## Data section
•••

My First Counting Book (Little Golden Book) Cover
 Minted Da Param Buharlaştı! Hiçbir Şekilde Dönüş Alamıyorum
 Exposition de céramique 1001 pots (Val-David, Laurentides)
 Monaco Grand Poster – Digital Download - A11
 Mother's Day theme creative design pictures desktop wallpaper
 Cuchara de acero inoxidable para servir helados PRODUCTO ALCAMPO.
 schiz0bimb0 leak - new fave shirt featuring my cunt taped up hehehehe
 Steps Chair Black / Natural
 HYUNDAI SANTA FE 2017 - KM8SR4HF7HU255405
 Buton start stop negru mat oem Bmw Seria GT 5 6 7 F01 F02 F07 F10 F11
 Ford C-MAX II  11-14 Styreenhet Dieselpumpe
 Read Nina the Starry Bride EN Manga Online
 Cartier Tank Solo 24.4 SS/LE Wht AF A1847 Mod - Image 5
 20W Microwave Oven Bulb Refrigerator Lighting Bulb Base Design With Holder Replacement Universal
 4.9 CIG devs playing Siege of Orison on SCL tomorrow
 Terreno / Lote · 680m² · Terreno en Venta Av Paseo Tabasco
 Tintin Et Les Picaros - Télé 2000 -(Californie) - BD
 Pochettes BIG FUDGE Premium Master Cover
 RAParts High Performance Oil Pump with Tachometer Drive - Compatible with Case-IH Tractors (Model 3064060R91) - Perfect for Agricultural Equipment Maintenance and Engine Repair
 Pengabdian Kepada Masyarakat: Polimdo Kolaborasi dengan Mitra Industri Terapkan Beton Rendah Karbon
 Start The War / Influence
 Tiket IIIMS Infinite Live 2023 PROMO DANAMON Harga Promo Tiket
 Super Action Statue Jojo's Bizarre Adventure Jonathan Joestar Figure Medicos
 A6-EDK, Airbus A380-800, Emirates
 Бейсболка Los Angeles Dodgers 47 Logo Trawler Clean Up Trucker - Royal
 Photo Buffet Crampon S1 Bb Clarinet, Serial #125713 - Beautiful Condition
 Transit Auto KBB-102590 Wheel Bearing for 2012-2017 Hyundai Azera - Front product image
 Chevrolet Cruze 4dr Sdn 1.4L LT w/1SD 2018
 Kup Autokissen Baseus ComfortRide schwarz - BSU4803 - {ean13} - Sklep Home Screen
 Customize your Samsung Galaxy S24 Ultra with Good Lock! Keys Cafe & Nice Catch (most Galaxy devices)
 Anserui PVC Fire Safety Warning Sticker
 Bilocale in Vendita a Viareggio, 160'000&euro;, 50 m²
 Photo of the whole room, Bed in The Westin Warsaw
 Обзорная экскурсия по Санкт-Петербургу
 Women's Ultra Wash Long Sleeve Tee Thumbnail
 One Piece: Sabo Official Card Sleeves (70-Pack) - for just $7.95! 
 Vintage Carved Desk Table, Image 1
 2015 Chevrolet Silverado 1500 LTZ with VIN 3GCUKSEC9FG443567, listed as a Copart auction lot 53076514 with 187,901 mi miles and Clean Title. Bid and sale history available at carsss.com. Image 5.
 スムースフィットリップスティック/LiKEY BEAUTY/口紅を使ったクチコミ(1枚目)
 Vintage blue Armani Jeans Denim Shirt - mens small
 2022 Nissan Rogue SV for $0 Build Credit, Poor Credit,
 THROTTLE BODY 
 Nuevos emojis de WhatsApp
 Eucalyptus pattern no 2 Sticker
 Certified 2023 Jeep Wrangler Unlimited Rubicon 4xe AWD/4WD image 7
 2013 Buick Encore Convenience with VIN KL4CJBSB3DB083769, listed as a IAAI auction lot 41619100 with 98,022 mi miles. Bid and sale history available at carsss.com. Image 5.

•••

## What is being asked
Where the listing above has a line with "Minted Da Param", start there, and output every line exactly through the line with "Бейсболка Los Angeles", which is also included.

## Answer for this exercise
 Minted Da Param Buharlaştı! Hiçbir Şekilde Dönüş Alamıyorum
 Exposition de céramique 1001 pots (Val-David, Laurentides)
 Monaco Grand Poster – Digital Download - A11
 Mother's Day theme creative design pictures desktop wallpaper
 Cuchara de acero inoxidable para servir helados PRODUCTO ALCAMPO.
 schiz0bimb0 leak - new fave shirt featuring my cunt taped up hehehehe
 Steps Chair Black / Natural
 HYUNDAI SANTA FE 2017 - KM8SR4HF7HU255405
 Buton start stop negru mat oem Bmw Seria GT 5 6 7 F01 F02 F07 F10 F11
 Ford C-MAX II  11-14 Styreenhet Dieselpumpe
 Read Nina the Starry Bride EN Manga Online
 Cartier Tank Solo 24.4 SS/LE Wht AF A1847 Mod - Image 5
 20W Microwave Oven Bulb Refrigerator Lighting Bulb Base Design With Holder Replacement Universal
 4.9 CIG devs playing Siege of Orison on SCL tomorrow
 Terreno / Lote · 680m² · Terreno en Venta Av Paseo Tabasco
 Tintin Et Les Picaros - Télé 2000 -(Californie) - BD
 Pochettes BIG FUDGE Premium Master Cover
 RAParts High Performance Oil Pump with Tachometer Drive - Compatible with Case-IH Tractors (Model 3064060R91) - Perfect for Agricultural Equipment Maintenance and Engine Repair
 Pengabdian Kepada Masyarakat: Polimdo Kolaborasi dengan Mitra Industri Terapkan Beton Rendah Karbon
 Start The War / Influence
 Tiket IIIMS Infinite Live 2023 PROMO DANAMON Harga Promo Tiket
 Super Action Statue Jojo's Bizarre Adventure Jonathan Joestar Figure Medicos
 A6-EDK, Airbus A380-800, Emirates
 Бейсболка Los Angeles Dodgers 47 Logo Trawler Clean Up Trucker - Royal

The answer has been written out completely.